The world of 2099 was a world where corporations were more or less running the show. This was a world where perennial Fantastic Four villain Dr. Doom could be reborn as a hero, or a new Punisher might seem like a reasonable reaction to fighting criminals. Long-absent Thor and the Asgardians were worshiped by a cult. Holographic butlers were the norm. And heroes hadn’t been seen in a long time. The reason for this was never explained exactly, since filling in the time between the present and the future was not a priority for the 2099 line. The basic implication came when the X-Men title started and it was implied that this was a future after the Days of Future Past timeline and the Sentinels had wiped out a lot of the old superhuman population. And despite the old names, there was a big push NOT to recreate old heroes and villains in the 2099 era initially. Spider-Man of that era picked up a Vulture but that was it for a while. The X-Men were not renamed versions of old characters, but a brand new team of mutants. Doom didn’t deal with his old adversaries, picking up new ones instead. And into all that came Ravage.

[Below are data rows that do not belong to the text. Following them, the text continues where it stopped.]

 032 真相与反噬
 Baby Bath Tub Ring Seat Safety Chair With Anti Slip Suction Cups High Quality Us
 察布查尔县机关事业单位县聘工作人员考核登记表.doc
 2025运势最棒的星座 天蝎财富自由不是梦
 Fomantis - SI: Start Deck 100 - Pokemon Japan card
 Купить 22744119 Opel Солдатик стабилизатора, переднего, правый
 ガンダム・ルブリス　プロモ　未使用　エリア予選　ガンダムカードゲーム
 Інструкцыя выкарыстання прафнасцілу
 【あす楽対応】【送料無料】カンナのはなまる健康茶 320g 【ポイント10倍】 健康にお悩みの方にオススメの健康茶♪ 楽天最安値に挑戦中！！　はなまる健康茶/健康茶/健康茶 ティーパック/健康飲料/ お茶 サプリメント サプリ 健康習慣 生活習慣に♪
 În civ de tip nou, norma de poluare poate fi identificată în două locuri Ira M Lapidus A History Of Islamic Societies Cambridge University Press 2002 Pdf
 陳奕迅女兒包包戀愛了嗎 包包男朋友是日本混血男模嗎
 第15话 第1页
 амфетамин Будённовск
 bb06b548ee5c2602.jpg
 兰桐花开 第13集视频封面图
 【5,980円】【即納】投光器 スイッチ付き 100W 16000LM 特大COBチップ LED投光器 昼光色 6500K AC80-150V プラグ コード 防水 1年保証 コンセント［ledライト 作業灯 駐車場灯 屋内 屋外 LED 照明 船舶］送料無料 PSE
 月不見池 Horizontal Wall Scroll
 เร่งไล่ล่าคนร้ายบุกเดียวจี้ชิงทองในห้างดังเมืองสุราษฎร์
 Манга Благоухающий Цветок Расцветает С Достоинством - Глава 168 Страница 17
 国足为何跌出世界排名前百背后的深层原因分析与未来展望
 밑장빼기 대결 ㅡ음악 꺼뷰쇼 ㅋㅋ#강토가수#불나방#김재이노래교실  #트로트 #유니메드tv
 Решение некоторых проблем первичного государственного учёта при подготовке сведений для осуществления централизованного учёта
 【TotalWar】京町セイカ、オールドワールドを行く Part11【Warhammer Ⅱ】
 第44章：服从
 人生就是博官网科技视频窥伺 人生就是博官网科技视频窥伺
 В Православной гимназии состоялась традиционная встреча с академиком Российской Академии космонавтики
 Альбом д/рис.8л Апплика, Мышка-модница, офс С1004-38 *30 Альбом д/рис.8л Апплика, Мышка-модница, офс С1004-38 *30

Ravage, real name Paul-Phillip Ravage, has the distinction of being created by Stan Lee. Ravage was a corporate drone working in the environmental section of one of those large country-controlling corporations, Alchemax. One day, he learned the company caused more pollution than it stopped, so naturally one of the company’s executives framed him for murder. Hey, it happens. Ravage grabbed some weapons and went on a violent rampage against his accusers, defending his old secretary/love interest, plus the orphaned son of the dead man, and generally wreaking havoc. You know, the usual.

So, Ravage had no powers, right? Er, not right away. Before Stan left the book, he had Ravage run a mission to an island called Hellrock, an irradiated place ruled by a baddie called Deathstryk (it was the 90s…we’re probably lucky they didn’t give that name to a hero). Ravage got exposed to the radiation and turned into a mutroid, the name for the irradiated monster men that lived off Hellrock. Initially, he had energy blasts that shot out of his heads, held in check only by special gloves (another Stan Lee special), and which weakened him if he used them too much.
Then Stan left the book, and the new creators decided Ravage needed new powers. The energy hands were gone, and replaced by a bestial transformation. Ravage could sprout claws, fangs, horns, and had a healing factor. Yeah, he was basically Wolverine 2099 now.
The 2099 line probably suffered from too much too soon. The initial success led to more 2099 titles. There was a second X-Men title, X-Nation 2099. There was a Hulk, a Ghost Rider, and even the original Fantastic Four flew through a portal in their Fantasticar. It was a bit of a mess.
Maybe the biggest change came when Warren Ellis took over Doom 2099. Ellis decided to do something big, and it was Doom, so naturally Doom took over the United States. The various other 2099 heroes had to get in line with Doom or else. Ravage wasn’t the type. Yeah, he was hanging out with a giant telepathic bat, and that was pretty damn screwy, but he wasn’t really ready to join Doom. By then, Ravage was a giant, muscular brute defending Hellrock, so Doom did the only thing he could think of.

He covered the island with liquid adamantium and shot it into space, Ravage screaming defiance until the end.
He probably got off lucky. The Hulk and Punisher were also killed off, and the world of 2099 apparently had the polar caps melt and submerge most of the world except for the Savage Land, where the survivors all moved to. Yeah, I think I know why the line died.
There’ve been a few attempts to bring back some sort of 2099 line, but Ravage, well, he must still be in an adamantium shell floating through space. Maybe some day he’ll be pulled out, probably with a whole new set of powers. He tends to do that sort of thing.